WORK INSTRUCTION ▸ Please restate the records below word for word, leaving out every picture.

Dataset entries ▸
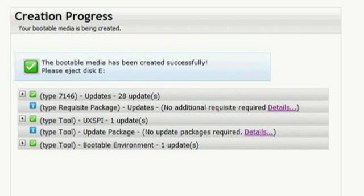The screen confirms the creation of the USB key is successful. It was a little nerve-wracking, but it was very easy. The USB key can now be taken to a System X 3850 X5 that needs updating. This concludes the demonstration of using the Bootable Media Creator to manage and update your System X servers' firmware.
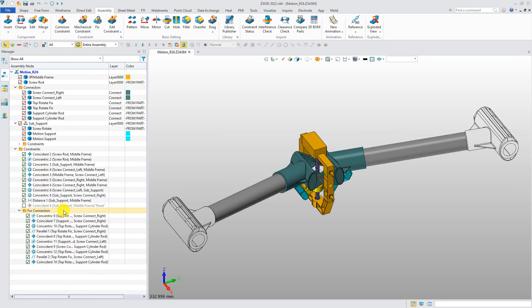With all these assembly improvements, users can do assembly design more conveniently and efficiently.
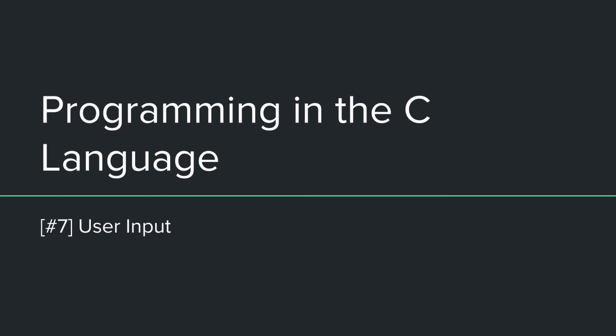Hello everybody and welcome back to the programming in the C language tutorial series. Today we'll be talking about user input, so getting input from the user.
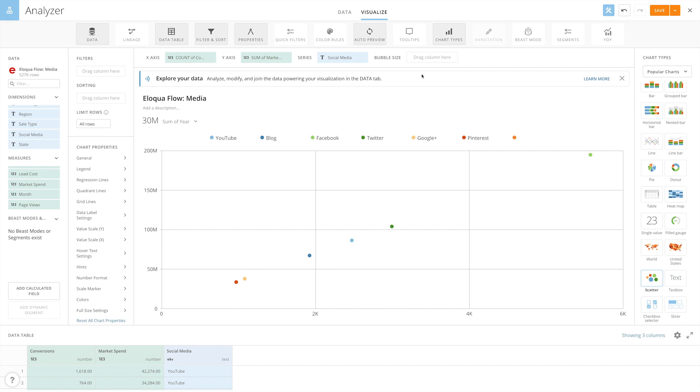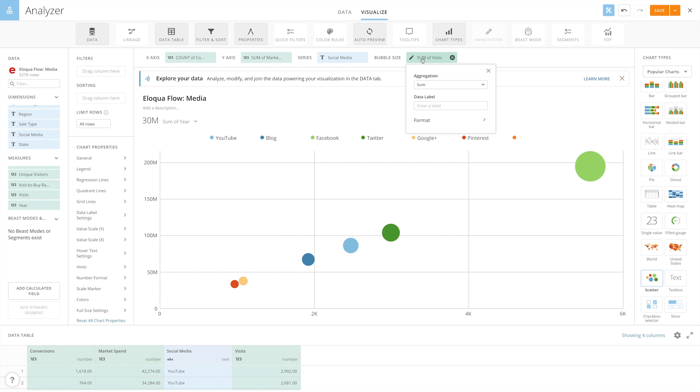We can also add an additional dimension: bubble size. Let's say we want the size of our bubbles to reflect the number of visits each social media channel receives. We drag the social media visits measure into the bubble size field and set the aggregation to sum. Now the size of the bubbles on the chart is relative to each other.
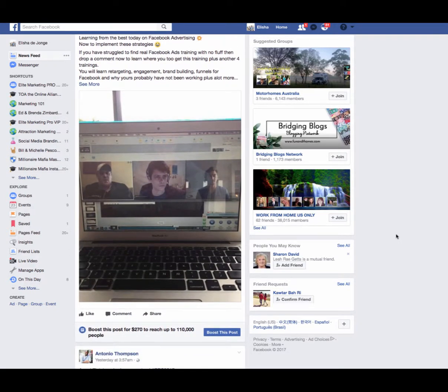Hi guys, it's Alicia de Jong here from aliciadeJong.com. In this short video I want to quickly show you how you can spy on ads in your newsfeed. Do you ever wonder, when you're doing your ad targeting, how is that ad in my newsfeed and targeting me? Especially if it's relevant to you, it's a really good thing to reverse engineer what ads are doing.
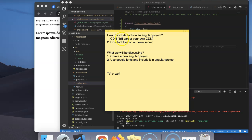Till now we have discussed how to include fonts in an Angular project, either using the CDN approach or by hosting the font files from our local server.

RESPONSE TO THE EXERCISE ▸
The screen confirms the creation of the USB key is successful. It was a little nerve-wracking, but it was very easy. The USB key can now be taken to a System X 3850 X5 that needs updating. This concludes the demonstration of using the Bootable Media Creator to manage and update your System X servers' firmware.
With all these assembly improvements, users can do assembly design more conveniently and efficiently.
Hello everybody and welcome back to the programming in the C language tutorial series. Today we'll be talking about user input, so getting input from the user.
We can also add an additional dimension: bubble size. Let's say we want the size of our bubbles to reflect the number of visits each social media channel receives. We drag the social media visits measure into the bubble size field and set the aggregation to sum. Now the size of the bubbles on the chart is relative to each other.
Hi guys, it's Alicia de Jong here from aliciadeJong.com. In this short video I want to quickly show you how you can spy on ads in your newsfeed. Do you ever wonder, when you're doing your ad targeting, how is that ad in my newsfeed and targeting me? Especially if it's relevant to you, it's a really good thing to reverse engineer what ads are doing.
Till now we have discussed how to include fonts in an Angular project, either using the CDN approach or by hosting the font files from our local server.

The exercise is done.